L'abbassamento delle tasse sarà poco più che simbolico e non servirà a Silvio Berlusconi, come il precedente, per ottenere nuovi consensi
di Claudio Rinaldi
Il 2004 passerà alla storia come l'anno del grande abbaglio fiscale. Silvio Berlusconi, che per tre anni si era pressoché dimenticato di aver promesso 'meno tasse per tutti', ha riscoperto il tema quando si è reso conto, in marzo, che la sua popolarità era in declino. Che a quel punto si affidasse un po' alla demagogia era ovvio e perdonabile. Ma dopo le sconfitte elettorali di giugno e di ottobre la sua predicazione sulle tasse è diventata ossessiva, asfissiante, totalitaria. Culminando, all'indomani del 2 novembre, in un teorema che perfino il chiarissimo professor Domenico Siniscalco si è rassegnato a ripetere con la diligenza di uno scolaretto: George W. Bush "ha vinto perché ha fatto una politica fiscale espansiva, che ha aumentato il reddito disponibile delle famiglie".
Ebbene, il premier e il suo ministro si illudono se davvero credono che qualche sconticino sulle imposte possa rilanciare le fortune della Casa delle libertà.

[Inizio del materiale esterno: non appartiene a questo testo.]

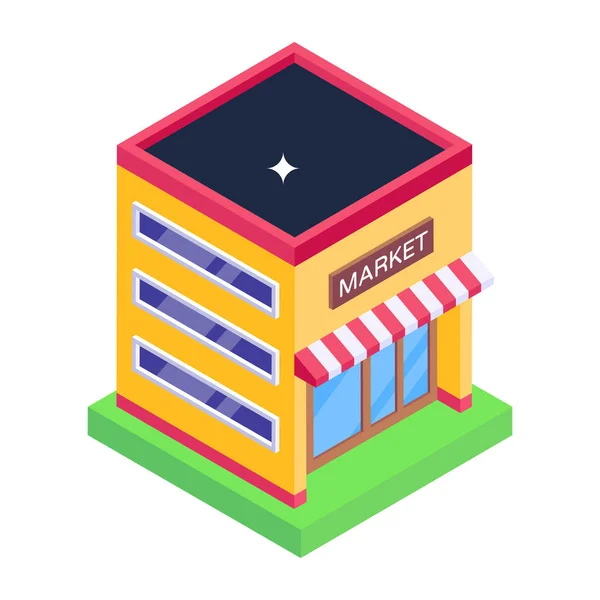 Isometrisches Marktzeichen Cartoon Von Shop Kiosk Vektorsymbolen Für Webdesign Isoliert — Stockvektor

Si può anzi osservare, parafrasando Winston Churchill, che mai tante parole sono state sprecate così a lungo per così poco.
1. Ai due volenterosi tagliatori di tasse sfugge, innanzitutto, che la riconferma del presidente degli Stati Uniti non ha avuto molto a che fare con quella che in loro appare ormai una fissazione senile. Come risulta da un sondaggio che nessuno ha contestato, soltanto cinque elettori Usa su cento ritenevano che le tasse fossero l'argomento cruciale; per il 21 per cento contavano di più i valori morali, per il 20 l'economia, per il 19 il terrorismo, per il 15 l'Iraq, per l'8 la sanità. Eppure gli americani avevano fama di persone assai sensibili alle ragioni dei loro portafogli. E gli sgravi di Bush erano di una generosità inusitata: 1.350 miliardi di dollari in dieci anni, il 2,5 per cento del prodotto interno lordo.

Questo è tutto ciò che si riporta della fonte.